RobotechRicky@reddit

Which model is best for coding? Is Gemma 4 it?

[-]

inphaser@reddit

Do you know if it has already been converted for apple MLX?

[-]

Deep90@reddit

Just a suggestion, I think it would be interesting if you started running a hidden seed for all models to see if any of them are being trained and overfitted to your benchmark.

[-]

Disastrous_Theme5906@reddit (OP)

Good idea. The benchmark is closed source specifically for this reason, so models can't train on the simulation. A few Chinese labs showed interest but we only share run data, never the simulation itself. That said, running a few random seeds to double-check is a solid idea, we'll do that. Looking at the logs though, the decisions feel organic, no signs of overfitting.

[-]

FranzJoseph93@reddit

Something that seems like a flaw to me (based on reading the Gemma 4 test results) is that as I understand it, making every possible investment is good. I think without throwing in some investments the agent should avoid, you're just rewarding aggressive behavior. The food waste issue might be another sign of this.

Super interesting benchmark though, congrats!

[-]

nuclearbananana@reddit

The benchmark is closed source specifically for this reason, so models can't train on the simulation

mind you with anthropics vending machine going viral and all, I'm sure most are training on very similar tasks.

Which is, I mean, how training works, but depending on how similar is probably benchmaxxing a bit

[-]

Disastrous_Theme5906@reddit (OP)

Yeah Google literally says they trained Gemma 4 on agentic tasks, so in that sense sure.
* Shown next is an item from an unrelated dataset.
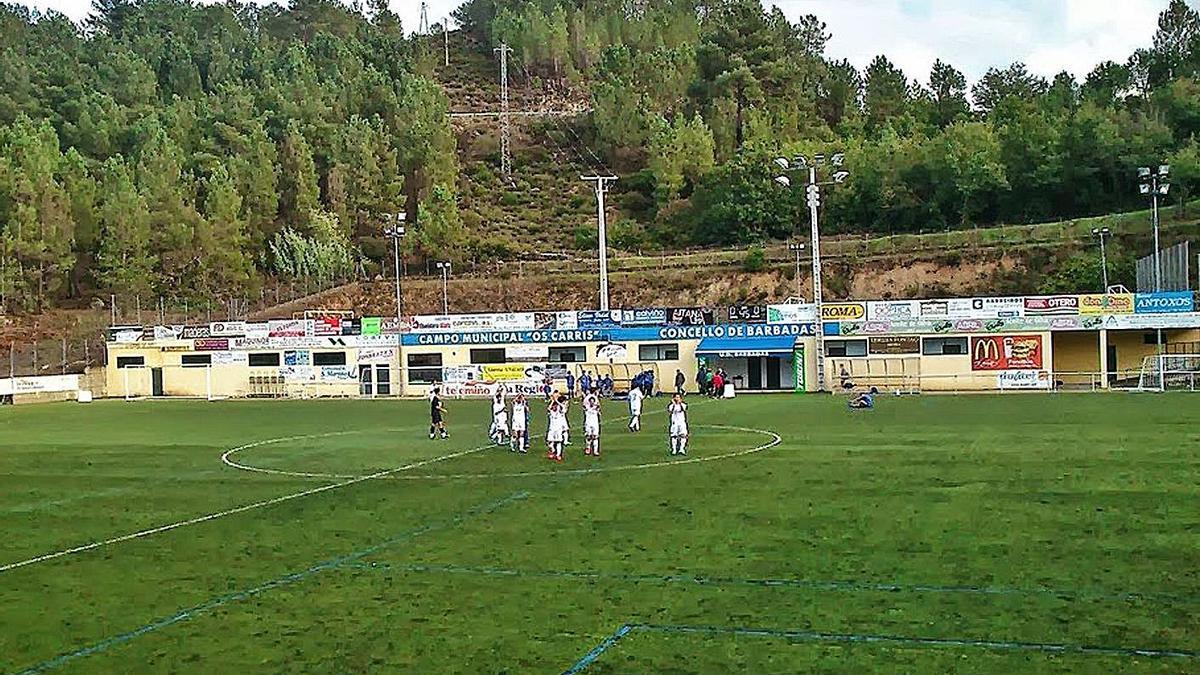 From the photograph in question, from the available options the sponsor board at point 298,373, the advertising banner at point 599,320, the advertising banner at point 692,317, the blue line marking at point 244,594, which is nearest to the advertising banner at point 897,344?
the advertising banner at point 692,317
But training on agentic data and overfitting to a specific benchmark are different things. Same way code models are good at coding — nobody calls that benchmaxing.

[-]

nuclearbananana@reddit

yeah, but code is very broad category though. If you trained extra heavily on python/flask and did better on swe-bench (which is like 90% python+flask iirc), that would be benchmaxxing, without ever training directly on the tasks themselves

[-]

florinandrei@reddit

code is very broad category though

Models got so good so quickly at coding specifically because it's such a narrow task. You may think differently about that, because biases and whatnot, but it's hyper-specified and hyper-codified and has extremely few exceptions.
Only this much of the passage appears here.